Excerpts from a dataset

+ + +

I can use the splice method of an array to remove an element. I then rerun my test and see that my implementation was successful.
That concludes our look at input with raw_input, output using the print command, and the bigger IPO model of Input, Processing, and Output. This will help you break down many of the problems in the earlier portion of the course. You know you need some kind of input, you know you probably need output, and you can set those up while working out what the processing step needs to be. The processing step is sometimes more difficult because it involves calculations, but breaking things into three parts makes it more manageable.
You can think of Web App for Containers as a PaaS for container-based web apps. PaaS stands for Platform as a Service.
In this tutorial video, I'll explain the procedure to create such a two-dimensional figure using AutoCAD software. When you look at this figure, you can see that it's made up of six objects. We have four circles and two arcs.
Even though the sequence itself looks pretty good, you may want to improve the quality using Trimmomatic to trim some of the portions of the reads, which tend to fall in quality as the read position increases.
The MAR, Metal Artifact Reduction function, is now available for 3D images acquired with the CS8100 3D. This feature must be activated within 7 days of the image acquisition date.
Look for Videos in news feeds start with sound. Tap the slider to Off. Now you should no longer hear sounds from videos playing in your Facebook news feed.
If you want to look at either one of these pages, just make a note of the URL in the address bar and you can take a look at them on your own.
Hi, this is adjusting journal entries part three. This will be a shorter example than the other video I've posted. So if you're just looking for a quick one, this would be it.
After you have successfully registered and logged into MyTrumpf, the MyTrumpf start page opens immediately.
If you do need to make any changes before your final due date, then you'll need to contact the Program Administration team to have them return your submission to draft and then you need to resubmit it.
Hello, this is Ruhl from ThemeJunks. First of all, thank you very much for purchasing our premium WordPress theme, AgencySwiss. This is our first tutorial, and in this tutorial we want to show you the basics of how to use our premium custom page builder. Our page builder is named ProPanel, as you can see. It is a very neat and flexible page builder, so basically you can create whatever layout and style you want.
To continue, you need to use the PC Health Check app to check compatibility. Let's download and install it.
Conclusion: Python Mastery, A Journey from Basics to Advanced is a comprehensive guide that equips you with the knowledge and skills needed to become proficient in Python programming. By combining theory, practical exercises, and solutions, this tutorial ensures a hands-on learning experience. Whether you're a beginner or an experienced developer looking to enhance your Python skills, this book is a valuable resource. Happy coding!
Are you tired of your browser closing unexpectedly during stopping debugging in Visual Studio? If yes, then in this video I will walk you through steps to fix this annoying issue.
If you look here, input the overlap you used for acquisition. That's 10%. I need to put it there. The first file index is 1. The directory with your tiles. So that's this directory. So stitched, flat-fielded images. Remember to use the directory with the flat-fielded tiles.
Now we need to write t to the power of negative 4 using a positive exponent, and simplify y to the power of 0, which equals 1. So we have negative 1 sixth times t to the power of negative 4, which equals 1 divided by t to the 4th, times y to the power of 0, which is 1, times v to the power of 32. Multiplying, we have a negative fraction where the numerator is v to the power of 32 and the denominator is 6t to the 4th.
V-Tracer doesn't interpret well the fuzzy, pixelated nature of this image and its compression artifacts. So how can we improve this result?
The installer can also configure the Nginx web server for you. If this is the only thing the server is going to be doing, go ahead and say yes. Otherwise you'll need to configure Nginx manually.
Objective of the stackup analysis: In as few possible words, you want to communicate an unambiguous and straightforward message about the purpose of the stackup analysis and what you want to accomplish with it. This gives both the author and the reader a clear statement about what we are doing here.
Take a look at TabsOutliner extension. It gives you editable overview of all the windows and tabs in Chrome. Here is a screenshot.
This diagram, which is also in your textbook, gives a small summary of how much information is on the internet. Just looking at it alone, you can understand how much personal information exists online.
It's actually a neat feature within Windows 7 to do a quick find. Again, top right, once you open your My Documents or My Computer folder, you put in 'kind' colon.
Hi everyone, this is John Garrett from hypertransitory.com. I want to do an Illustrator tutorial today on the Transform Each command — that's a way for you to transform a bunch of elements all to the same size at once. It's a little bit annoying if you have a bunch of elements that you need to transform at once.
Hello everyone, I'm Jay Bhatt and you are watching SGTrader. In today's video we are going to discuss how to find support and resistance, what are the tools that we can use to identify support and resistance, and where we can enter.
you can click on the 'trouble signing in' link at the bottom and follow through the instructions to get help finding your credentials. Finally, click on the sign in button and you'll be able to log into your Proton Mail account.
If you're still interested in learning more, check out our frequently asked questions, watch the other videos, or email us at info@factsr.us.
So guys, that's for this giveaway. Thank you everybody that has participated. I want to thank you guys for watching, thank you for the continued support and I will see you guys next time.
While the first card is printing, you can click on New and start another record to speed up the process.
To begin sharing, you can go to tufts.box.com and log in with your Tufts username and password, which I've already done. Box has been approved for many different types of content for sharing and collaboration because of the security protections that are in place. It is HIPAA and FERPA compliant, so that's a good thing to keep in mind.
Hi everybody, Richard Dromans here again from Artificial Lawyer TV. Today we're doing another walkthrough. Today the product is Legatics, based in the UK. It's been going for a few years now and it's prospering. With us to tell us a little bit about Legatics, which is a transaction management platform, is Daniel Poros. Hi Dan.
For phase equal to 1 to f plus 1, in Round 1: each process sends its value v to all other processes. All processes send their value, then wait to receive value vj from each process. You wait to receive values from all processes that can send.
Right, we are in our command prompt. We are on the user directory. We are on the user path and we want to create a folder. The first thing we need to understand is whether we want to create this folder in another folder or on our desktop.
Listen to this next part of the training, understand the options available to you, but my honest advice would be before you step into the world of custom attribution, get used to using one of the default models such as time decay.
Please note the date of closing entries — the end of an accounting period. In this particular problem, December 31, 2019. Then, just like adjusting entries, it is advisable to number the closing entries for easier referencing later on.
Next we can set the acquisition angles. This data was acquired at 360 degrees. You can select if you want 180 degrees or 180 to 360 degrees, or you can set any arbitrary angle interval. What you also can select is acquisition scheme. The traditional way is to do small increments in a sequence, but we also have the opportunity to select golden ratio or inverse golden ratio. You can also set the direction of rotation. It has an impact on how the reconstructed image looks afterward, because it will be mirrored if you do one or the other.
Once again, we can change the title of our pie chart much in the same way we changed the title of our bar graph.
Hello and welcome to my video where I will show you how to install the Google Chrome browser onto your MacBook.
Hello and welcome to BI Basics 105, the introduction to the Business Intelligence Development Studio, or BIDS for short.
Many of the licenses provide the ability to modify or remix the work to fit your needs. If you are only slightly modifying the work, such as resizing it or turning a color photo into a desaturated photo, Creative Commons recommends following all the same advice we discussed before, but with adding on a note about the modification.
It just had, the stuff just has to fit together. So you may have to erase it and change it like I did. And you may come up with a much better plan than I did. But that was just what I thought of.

+ + +

__WORK REQUIRED__
State how many lines of the records above hold the word "browser", adding nothing beyond the number.

__REPLY TO THE EXERCISE__
2